[Your objective] Each line from the one containing "Bel Air, Продается" to the end of the entries below is to be set down exactly; the pictures are not.

*** Opening of Material provided ***

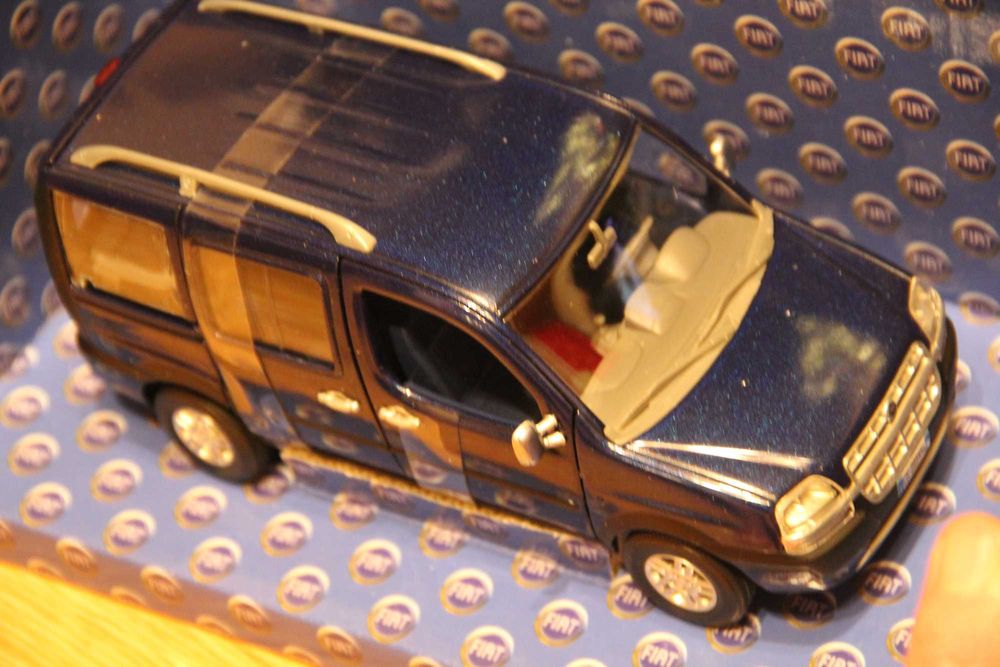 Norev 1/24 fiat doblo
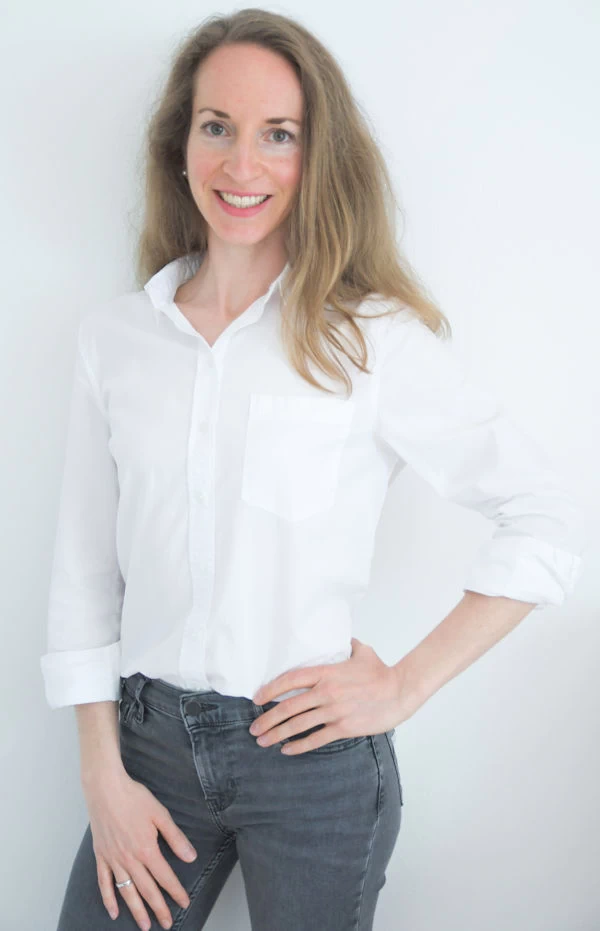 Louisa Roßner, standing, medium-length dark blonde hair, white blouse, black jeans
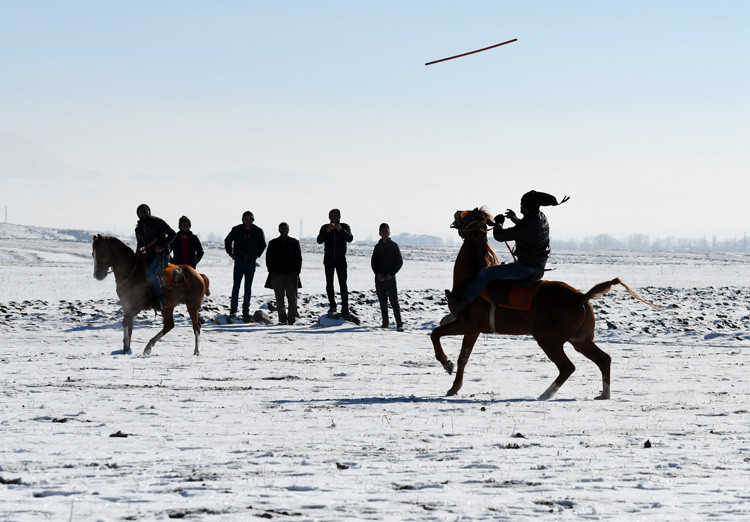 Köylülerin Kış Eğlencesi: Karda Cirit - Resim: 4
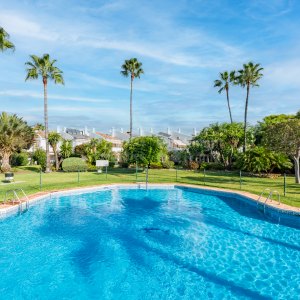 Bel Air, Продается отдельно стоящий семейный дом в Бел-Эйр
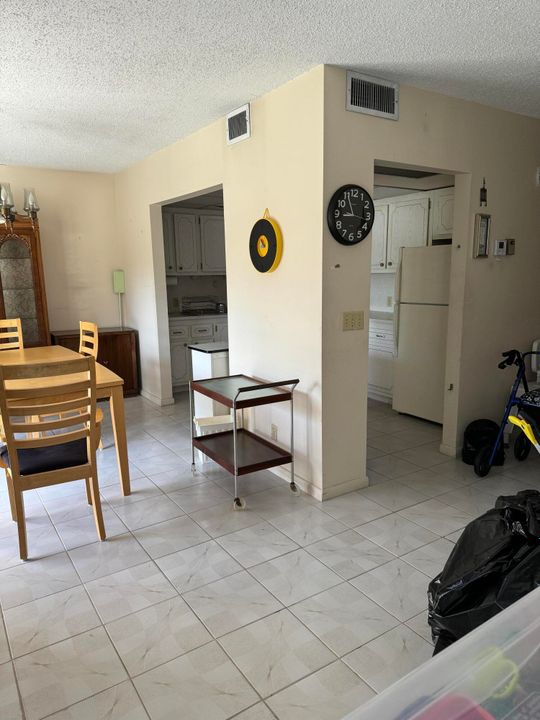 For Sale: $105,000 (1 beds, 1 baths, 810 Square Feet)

*** Close of Material provided ***

[Response to this exercise]
 Bel Air, Продается отдельно стоящий семейный дом в Бел-Эйр
 For Sale: $105,000 (1 beds, 1 baths, 810 Square Feet)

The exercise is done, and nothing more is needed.